Here you will learn how to set up Python 3 and load up Jupyter. We’ll also show you what the Anaconda Prompt is and how you can use it to download and import new modules.

Our example focuses on consumer loans. Since there are more than 100 potential features, we've devoted a complete section to explain why some features are chosen over others.

Each raw datasets has its drawbacks. While most preprocessing is model specific, in some cases (like missing values imputation), we could generalize the data preparation.

Once we have completed all general preprocessing, we dive into model-specific preprocessing. We employ fine classing, coarse classing, weight of evidence and information value criterion to achieve the probability of default preprocessing. Conventionally, we should turn all variables into dummy indicators prior to modeling.

Having set up all variables to be dummies, we estimate the probability of default. The most intuitive and widely accepted approach is to employ a logistic regression.

Since each model overfits the training data, it is crucial to test the results on out-of-sample observations. Consequently, we find its accuracy, its area under the curve (AUC), the Gini coefficient and the Kolmogorov-Smirnov test.

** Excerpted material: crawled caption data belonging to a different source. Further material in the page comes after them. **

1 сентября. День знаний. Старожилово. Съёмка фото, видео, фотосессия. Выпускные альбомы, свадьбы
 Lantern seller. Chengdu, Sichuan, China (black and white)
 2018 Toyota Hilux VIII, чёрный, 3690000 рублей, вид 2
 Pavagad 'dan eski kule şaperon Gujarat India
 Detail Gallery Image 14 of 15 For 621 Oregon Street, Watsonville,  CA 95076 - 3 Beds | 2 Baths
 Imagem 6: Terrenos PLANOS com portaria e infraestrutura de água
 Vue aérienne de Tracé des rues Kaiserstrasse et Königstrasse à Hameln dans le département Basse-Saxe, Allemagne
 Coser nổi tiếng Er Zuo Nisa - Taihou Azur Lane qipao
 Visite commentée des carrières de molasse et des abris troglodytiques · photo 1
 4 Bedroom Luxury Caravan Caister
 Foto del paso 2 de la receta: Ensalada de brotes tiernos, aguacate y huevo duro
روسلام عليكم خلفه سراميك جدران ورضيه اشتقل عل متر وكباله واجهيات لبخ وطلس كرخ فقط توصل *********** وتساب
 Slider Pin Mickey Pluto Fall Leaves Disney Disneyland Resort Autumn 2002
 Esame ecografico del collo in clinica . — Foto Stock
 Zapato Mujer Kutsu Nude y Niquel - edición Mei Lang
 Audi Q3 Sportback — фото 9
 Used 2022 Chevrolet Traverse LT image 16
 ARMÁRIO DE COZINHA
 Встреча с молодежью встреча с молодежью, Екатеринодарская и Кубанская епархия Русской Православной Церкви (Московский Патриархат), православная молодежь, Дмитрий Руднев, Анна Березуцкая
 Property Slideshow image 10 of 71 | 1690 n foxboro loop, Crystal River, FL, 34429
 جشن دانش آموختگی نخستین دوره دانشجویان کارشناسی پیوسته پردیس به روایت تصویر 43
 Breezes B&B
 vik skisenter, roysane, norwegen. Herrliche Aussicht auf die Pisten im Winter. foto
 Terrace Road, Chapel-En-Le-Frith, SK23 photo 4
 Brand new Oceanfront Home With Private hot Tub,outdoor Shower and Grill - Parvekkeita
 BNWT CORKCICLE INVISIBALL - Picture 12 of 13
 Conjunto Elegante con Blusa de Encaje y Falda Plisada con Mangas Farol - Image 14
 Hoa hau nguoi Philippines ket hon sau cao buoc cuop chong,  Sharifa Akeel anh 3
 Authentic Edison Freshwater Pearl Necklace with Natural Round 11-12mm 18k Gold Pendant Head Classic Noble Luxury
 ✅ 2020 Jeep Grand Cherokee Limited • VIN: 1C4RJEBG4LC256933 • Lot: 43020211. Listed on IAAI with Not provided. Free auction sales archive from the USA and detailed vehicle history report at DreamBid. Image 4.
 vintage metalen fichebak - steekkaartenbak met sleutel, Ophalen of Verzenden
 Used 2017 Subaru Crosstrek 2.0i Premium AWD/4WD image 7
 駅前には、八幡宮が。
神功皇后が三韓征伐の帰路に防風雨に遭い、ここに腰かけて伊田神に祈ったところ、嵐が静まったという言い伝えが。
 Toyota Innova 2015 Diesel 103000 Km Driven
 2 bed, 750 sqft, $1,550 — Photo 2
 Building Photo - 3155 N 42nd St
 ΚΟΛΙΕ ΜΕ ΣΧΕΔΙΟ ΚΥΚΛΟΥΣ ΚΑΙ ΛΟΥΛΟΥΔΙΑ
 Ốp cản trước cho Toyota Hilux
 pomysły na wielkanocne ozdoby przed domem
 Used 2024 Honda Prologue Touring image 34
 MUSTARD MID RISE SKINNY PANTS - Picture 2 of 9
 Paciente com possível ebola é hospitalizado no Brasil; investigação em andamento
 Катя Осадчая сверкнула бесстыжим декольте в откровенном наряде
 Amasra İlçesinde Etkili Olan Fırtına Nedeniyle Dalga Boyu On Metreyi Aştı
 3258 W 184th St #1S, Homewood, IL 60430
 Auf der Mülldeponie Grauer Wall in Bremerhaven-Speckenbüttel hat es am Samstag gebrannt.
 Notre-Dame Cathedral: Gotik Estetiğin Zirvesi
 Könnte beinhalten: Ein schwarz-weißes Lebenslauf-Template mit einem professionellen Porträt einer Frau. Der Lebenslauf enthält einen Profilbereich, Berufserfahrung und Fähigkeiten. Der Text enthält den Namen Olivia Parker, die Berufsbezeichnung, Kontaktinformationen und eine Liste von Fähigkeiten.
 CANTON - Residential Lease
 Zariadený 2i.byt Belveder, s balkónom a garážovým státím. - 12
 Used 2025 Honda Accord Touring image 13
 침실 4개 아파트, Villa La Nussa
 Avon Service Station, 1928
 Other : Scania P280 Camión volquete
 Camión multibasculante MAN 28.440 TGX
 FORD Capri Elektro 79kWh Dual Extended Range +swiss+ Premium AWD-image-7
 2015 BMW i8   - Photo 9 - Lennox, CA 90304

In practice, banks don't really want a complicated Python-implemented model. Instead, they prefer a simple score-card which contains only yes and no questions that could be employed by any bank employee. In this section, we learn how to create one.

Model estimation is extremely important, but an often-neglected step is model maintenance. A common approach is to monitor the population stability over time using the population stability index (PSI) and revisit our model if needed.

To calculate the final expected loss, we need three ingredients: probability of default (PD), loss given default (LGD) and exposure at default (EAD). In this section, we preprocess our data to be able to estimate the LGD and EAD models.

LGD models are often estimated using a beta regression. To keep the modeling part simpler, we employ a two-step regression model, which aims to simulate a beta regression. We combine the predictions from a logistic regression with those from a linear regression to estimate the loss given default.

The exposure at default (EAD) modeling is very similar to the LGD one. In this section, we take advantage of a linear regression to calculate EAD.

After having calculated PD, LGD, and EAD, we reach the final step: computing expected loss (EL). This is also the number which is most interesting to C-level executives and is the finale of the credit risk modeling process.